▶ [Input data]:
=-=-=-=-=

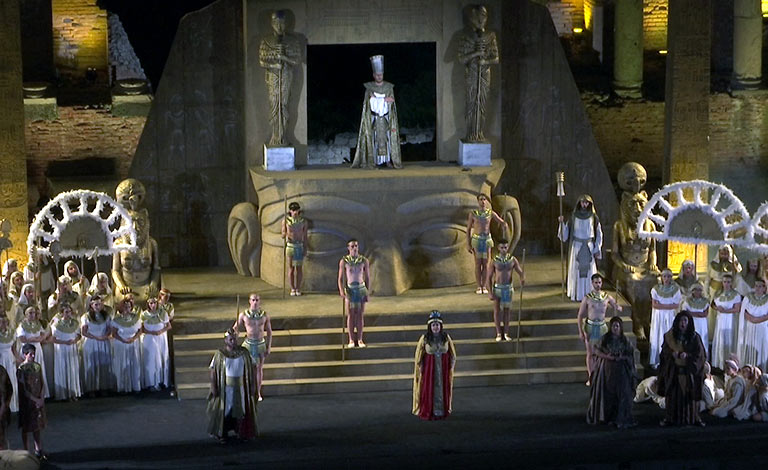 Aida trionfa a Taormina – interviste video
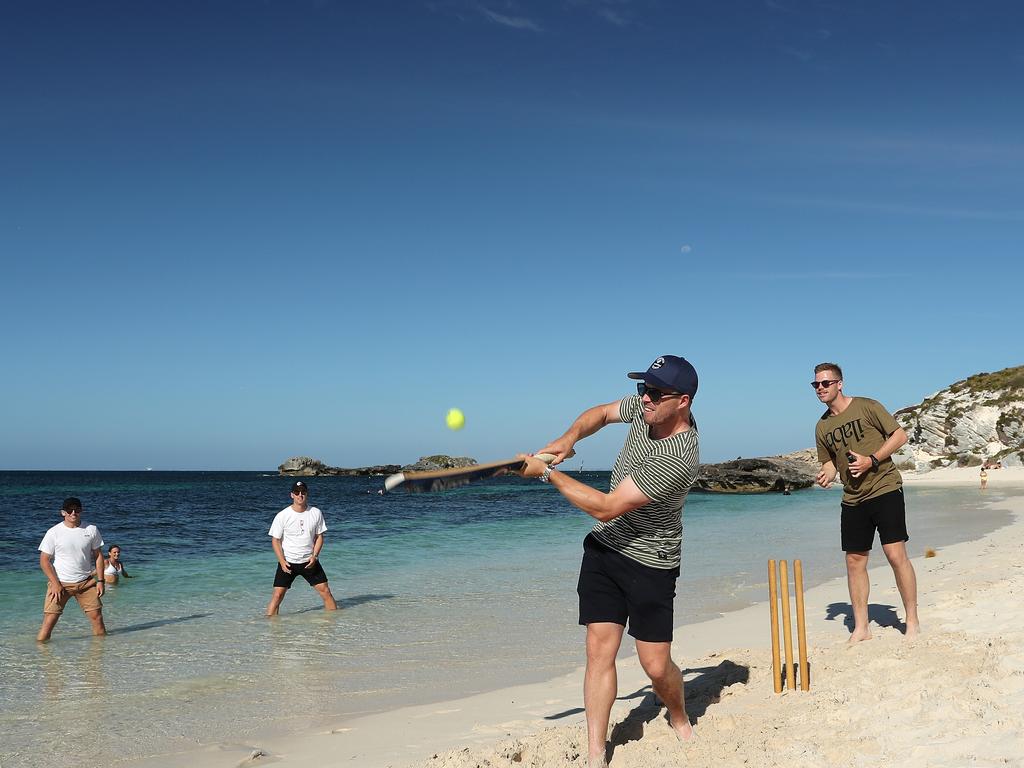 New Zealand cricketers Tom Latham, Matt Henry, Henry Nicholls and Lockie Ferguson play beach cricket at Pinky Beach on Rottnest Island.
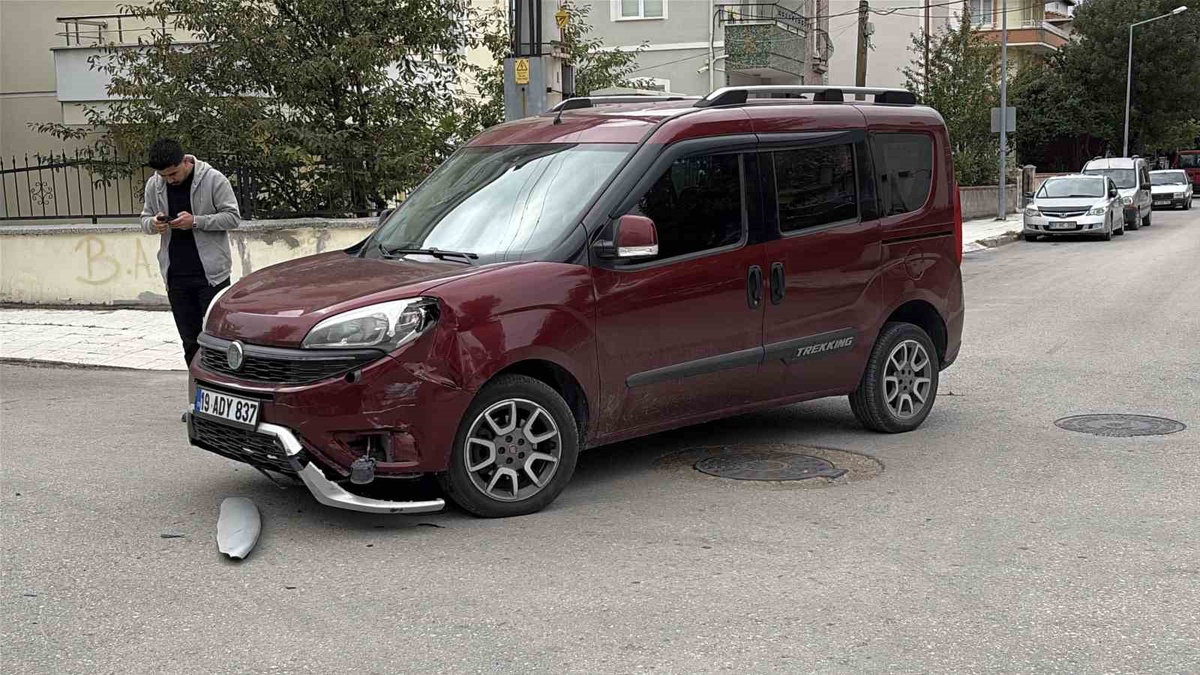 Çorum'da hafif ticari araç elektrikli motosikletle çarpıştı, biri çocuk 2 kişi yaralandı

=-=-=-=-=

▶ [Aim of the exercise]: A word-for-word retyping of the material above is expected, without pictures.

▶ [Answer to the exercise]:
 Aida trionfa a Taormina – interviste video
 New Zealand cricketers Tom Latham, Matt Henry, Henry Nicholls and Lockie Ferguson play beach cricket at Pinky Beach on Rottnest Island.
 Çorum'da hafif ticari araç elektrikli motosikletle çarpıştı, biri çocuk 2 kişi yaralandı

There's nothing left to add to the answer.